= Cinzia Ruggeri =

Italian fashion designer and artist

Cinzia Ruggeri (Milan, 1 February 1942 – Milan, 6 November 2019) was an Italian designer and artist. She is known for her postmodern and surreal garments.

== Career ==
Ruggeri was born in Milan. She exhibited her work as an artist for the first time in 1960 at Galleria Prisma, age 18. Dino Buzzati wrote an introduction, praising her for her precocious talent and imagination. She then studied design at the Scuola di Arti Applicate at Castello Sforzesco in Milan and apprenticed with Carven in Paris. In the 1960s and 1970s, she served as director of design for her father's company, Unimac spa. She launched her own label, Bloom SpA, in 1977. In 1981, she established the Cinzia Ruggeri experimental line, and in 1986, the Cinzio Menswear. She taught at Milan's Nuova Accademia di Belle Arti.

== Fashion Designs ==
Ruggeri was associated with the Memphis Group. She is known for her work incorporating technology into garments.

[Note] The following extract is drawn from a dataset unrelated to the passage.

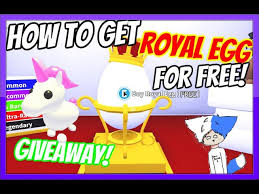 Were you looking for some codes to redeem? Roblox Adopt Me Jungle Eggs Promo Codes For Cute766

Ruggeri's work combines fashion with sculpture, performance and architecture. Her garments use unusual materials including glass, ping pong balls, felt and cowry. She also included materials like liquid crystal, LEDs and polarised lights.

Ruggeri's 1983 dress sculpture titled Homage a Levi Strauss was presented with a light installation by Brian Eno. In 1984 she designed the costumes for the cover of Matia Bazar's album "Aristocratica".

== Exhibitions ==
Ruggeri's most recent exhibitions include "Cin Cin 1980-2015" at 10 Corso Como; "Umbratile con Brio" (2018) and "La règle du jeu?" (2019) at the Federico Vavassori Gallery in Milan. She also exhibited at Francesca Pia Gallery in Zurich and Campoli Presti in Paris. Her work was the subject of a retrospective at the Museum of Contemporary Art of Rome in 2022.